How effectiveness is evidenced: Restraint reduces and staff confidence improves. Evidence includes restraint incident reviews with clear action tracking, updated PBS plans, competency checks, and outcomes reporting over time.
🧭 Governance: What “Rights-Based PBS” Looks Like in a Real Service
Rights-based PBS is not a statement; it is a governance system. Providers can make it defensible by embedding the following mechanisms:
- Restrictive practice register that records type, rationale, authorisation, review date, and alternatives tried.
- Post-incident learning loop with clear actions, owners, timeframes and evidence of implementation.
- Regular audit and trend reporting (restraint, PRN, restrictions, triggers, times of day, staff teams).
- Supervision focus on PBS thinking, trauma-informed responses, and emotional impact on staff.
- Co-production with the person and family/advocate in planning, review and decision-making.
These systems ensure restrictions do not drift into routine and that “last resort” remains meaningful.
📝 What to Show in Tenders and Inspections
When discussing PBS and restrictive practices, commissioners and inspectors want evidence, not reassurance. Strong submissions and inspection-ready evidence packs typically include:
- Clear policies and procedures for monitoring, authorising, reviewing and reducing restrictions.
- Staff training and competency checks on rights-based practice, de-escalation, and least restrictive decision-making.

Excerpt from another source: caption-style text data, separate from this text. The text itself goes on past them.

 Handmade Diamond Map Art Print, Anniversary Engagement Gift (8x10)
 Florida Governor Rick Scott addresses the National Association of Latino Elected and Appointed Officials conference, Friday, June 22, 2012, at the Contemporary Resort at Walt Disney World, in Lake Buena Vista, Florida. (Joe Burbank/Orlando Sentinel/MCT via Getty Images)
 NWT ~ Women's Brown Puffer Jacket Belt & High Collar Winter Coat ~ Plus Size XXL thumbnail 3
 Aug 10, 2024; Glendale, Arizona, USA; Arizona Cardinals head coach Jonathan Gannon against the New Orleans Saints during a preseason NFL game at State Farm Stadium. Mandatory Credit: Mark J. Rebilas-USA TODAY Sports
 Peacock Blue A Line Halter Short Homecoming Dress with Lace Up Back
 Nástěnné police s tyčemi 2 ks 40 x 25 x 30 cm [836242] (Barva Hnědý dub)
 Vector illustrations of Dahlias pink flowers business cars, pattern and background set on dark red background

- Data showing reduction in restraint and PRN usage over time (and what changes drove the reduction).
- Examples of PBS-led preventative adjustments (environment, routines, communication) implemented consistently.

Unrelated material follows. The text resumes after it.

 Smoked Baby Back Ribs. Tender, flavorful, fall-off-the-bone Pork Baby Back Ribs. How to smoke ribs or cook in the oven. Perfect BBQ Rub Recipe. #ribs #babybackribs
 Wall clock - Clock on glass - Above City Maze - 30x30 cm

- Evidence of involvement from people supported and families/advocates in planning and review.
It’s not just about compliance — it’s about culture. Services stand out when restriction is treated as a last resort to be actively reduced, not a routine tool for “managing behaviour”.
🌱 The Future of PBS Is Rights-Based
Services that embed PBS with a human rights lens do not just deliver safer care — they deliver more empowering care. They reduce crisis cycles, improve stability, and create environments where people can live meaningful lives with greater choice and control.
That is exactly what commissioners and the CQC want to see: prevention, least restrictive practice, evidence-led decision-making, and a service culture that treats rights as central to quality.